When you apply for a loan, one of the first things a lender will do is check your credit score. The higher the score, the more likely you are to be approved for the loan and get a lower interest rate. With that said, however, each type of loan comes with its own credit score limitations. For a complete rundown and explanation of these requirements, you may want to seek property investment advice from a professional to fully understand the impact your credit score has on home loan eligibility. 

In general, though, to qualify for a conventional mortgage, you’ll need a credit score of 750 or higher. FHA and VA loans may be laxer in their credit score requirements with some borrowers being approved with scores as low as 500. 

  1. Debt-to-Income Ratio

Your debt-to-income ratio (DTI) is the amount of debt you have in relation to the amount of income you have. For example, if all your debt (including car loans, mortgage, credit cards, and student loans) added up to $1,500 a month and your income was $5,000 a month, your DTI would be $1,500/$5,000 or 3%. 

Most lenders don’t like to see a DTI of more than 43 percent. In some cases, however, lenders will cap the DTI requirements at 36 percent. Each lender and loan type has different DTI requirements, but ideally, the less debt you have, the better you’re likely to fare when trying to qualify for a home loan. 

  1. Down Payment

You can expect to make a down payment of some amount when you purchase a home. Most conventional loans have a 20% down payment requirement, but many borrowers end up putting down far less. In some cases, paying less than 20% means you’ll need to pay private mortgage insurance (PMI) each month until you’ve paid down your loan to less than 80 percent of what the home is worth. 

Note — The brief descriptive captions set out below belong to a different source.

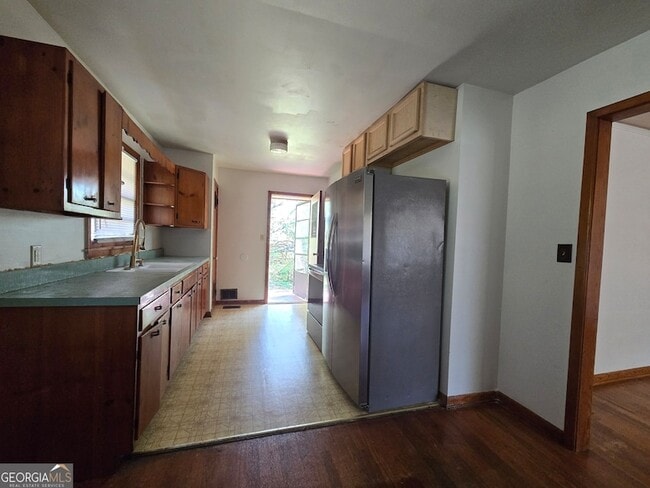 Building Photo - 677 Shellnut Dr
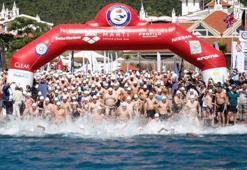 Marmaris'te zirveye kulaç attılar!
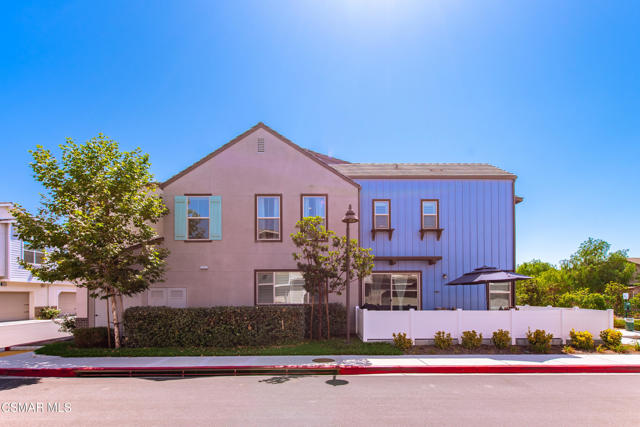 1830 Poppy Drive, Simi Valley CA: https://media.crmls.org/mediaz/3f1decfc-7d8a-453c-b64e-ee1751321f1a.jpg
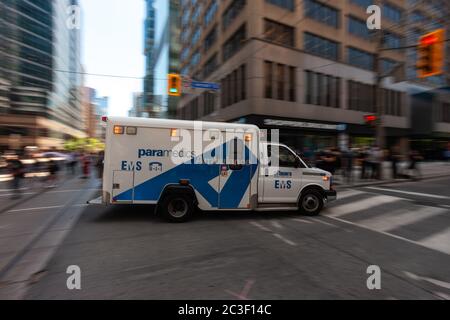 Toronto, Canada - le 19 juin 2020. Une ambulance du SGE de Toronto traverse les rues lors d'une manifestation assise du dix-septième juin. Mark Spowart/Alay Live News Banque D'Images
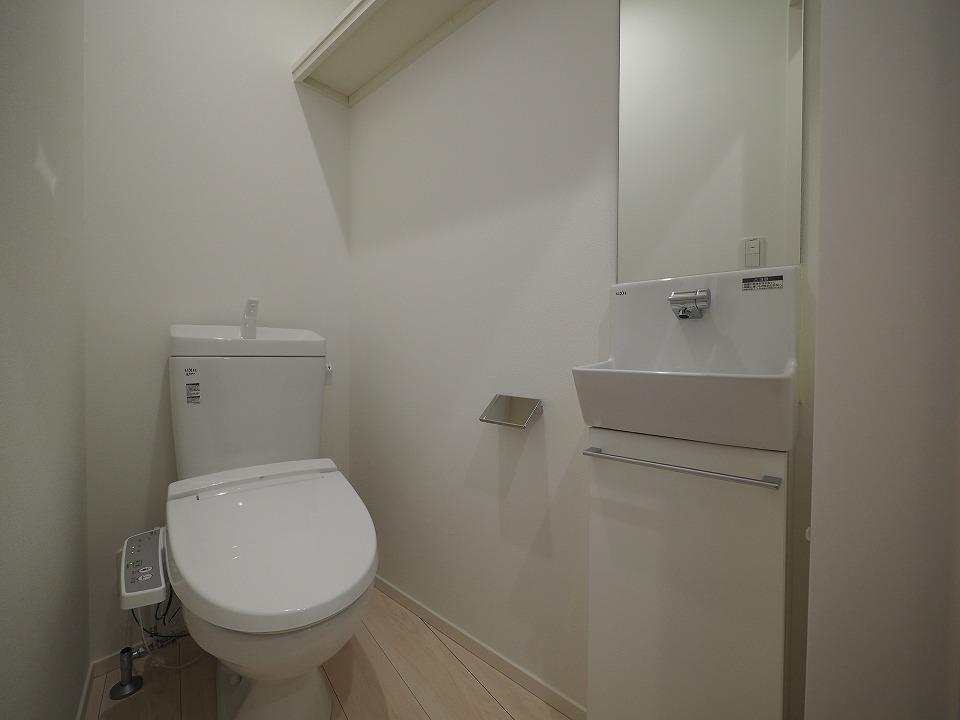 トイレ　トイレにも手洗い場を設置しました！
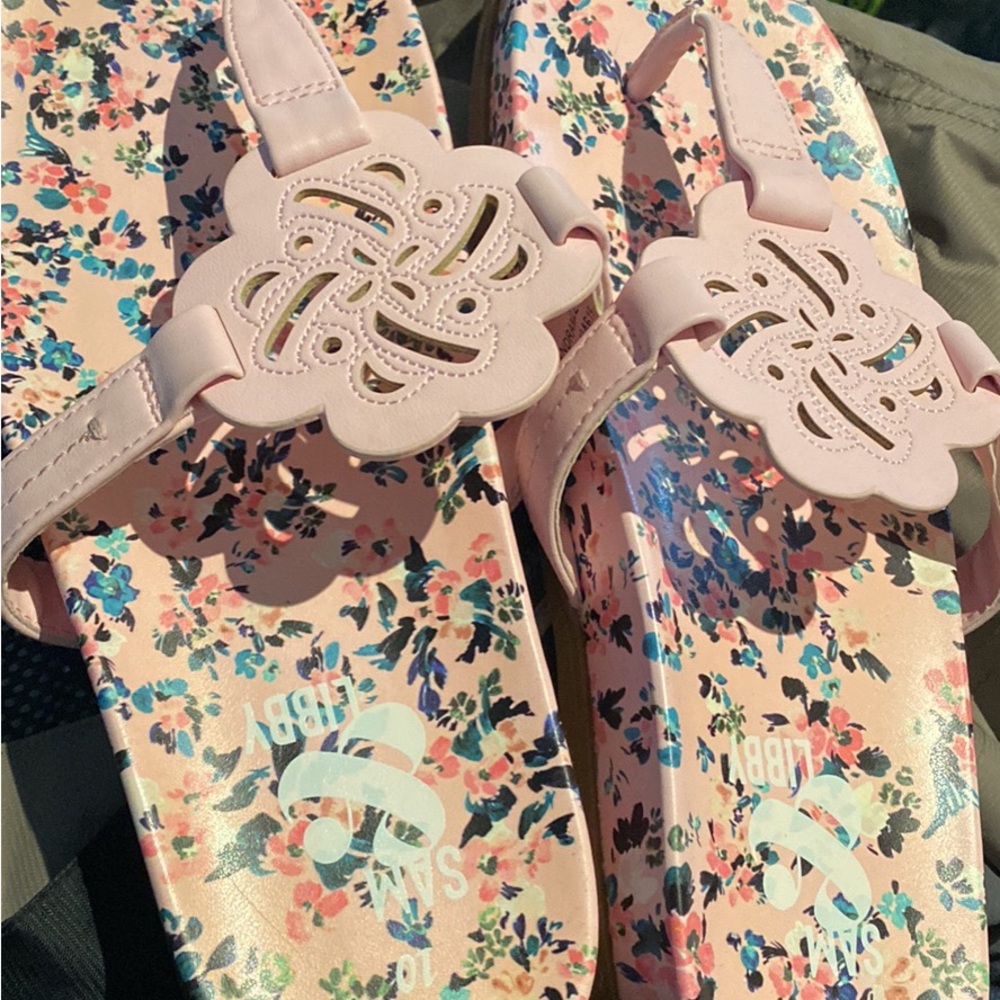 Women’s sandals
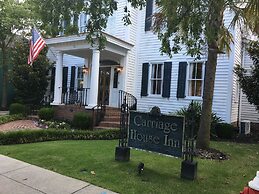 Carriage House Inn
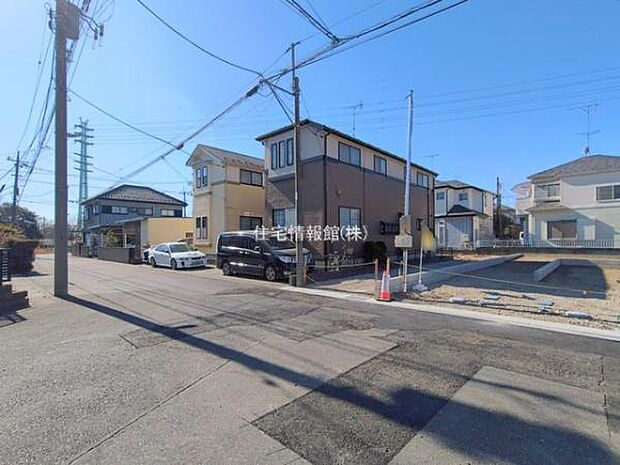 前面道路を含めた現地写真です。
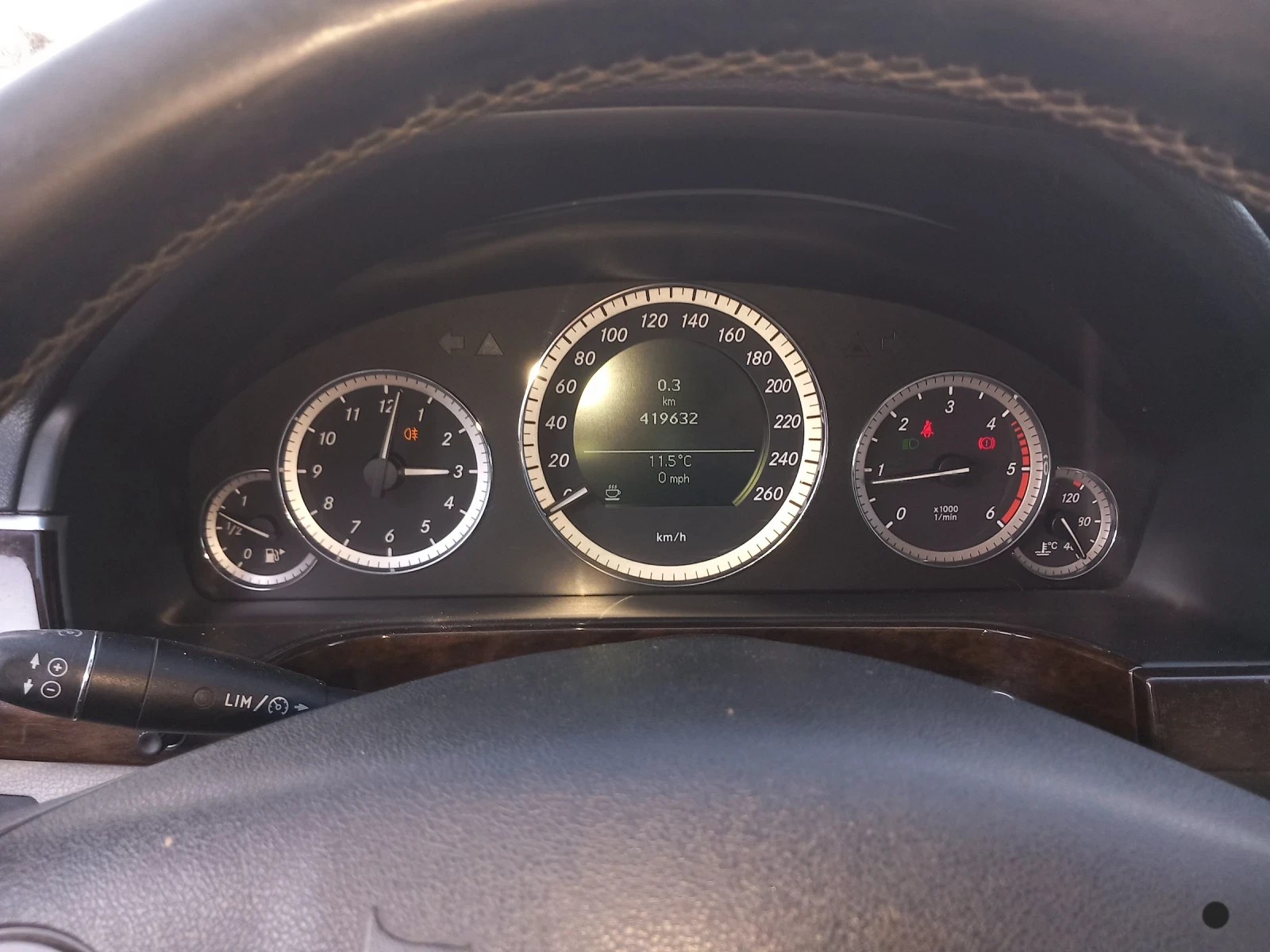 Mercedes-Benz E 200 2.0cdi - изображение 10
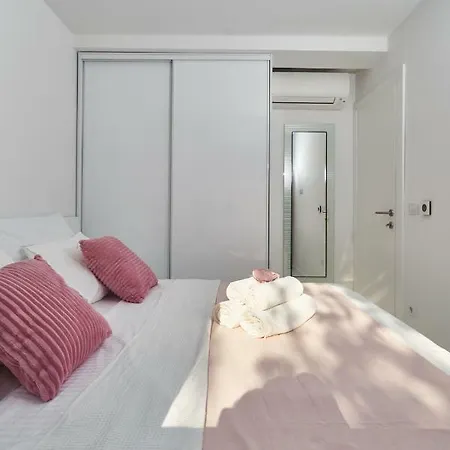 Brand New S & U Appartement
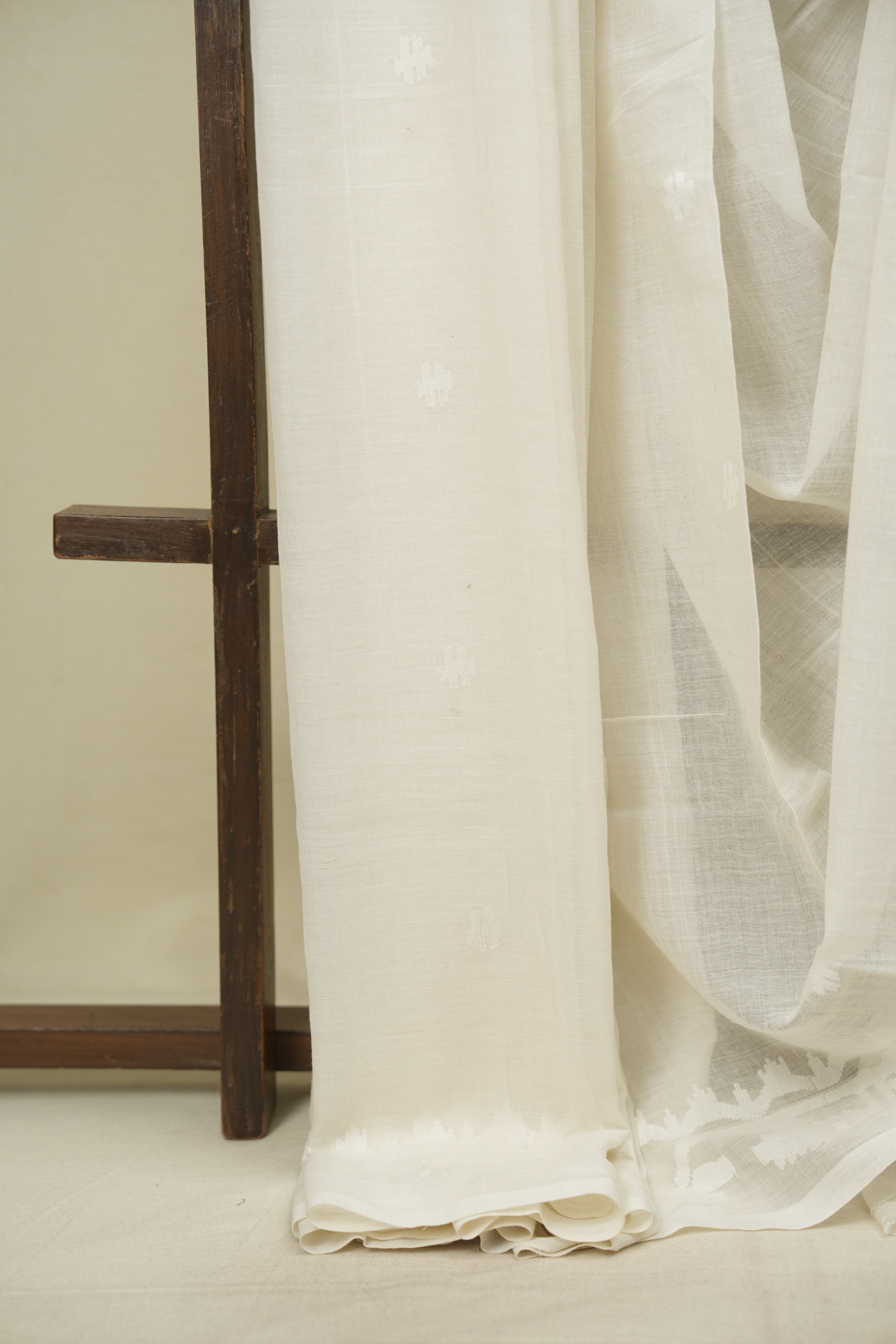 White Bengal Mul Cotton Saree - SRWBMCS080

Again, FHA and VA loans are more laid back in terms of down payment requirements. You may not even need a down payment at all if you qualify for one of these home loans. 

  1. Work History

Regardless of the type of mortgage you qualify for, you’ll need to provide proof of income. Most lenders like to see that you’ve had a consistent income or work history of two years or more with an employer. If you don’t have an employer, you’ll have to provide proof of income from some other source such as disability benefits. 

  1. Home Value 

The home you’re looking to buy must be worth enough to justify the amount you want to borrow. You’ll need to get an inspection and an appraisal done to determine the value and condition of the home before a lender will approve. If the home is in poor condition or isn’t worth what you want to borrow, the lender may reject your loan. 

While these factors commonly impact your overall eligibility for a home loan, each lender is different, so be sure to shop around to get the best mortgage for your situation.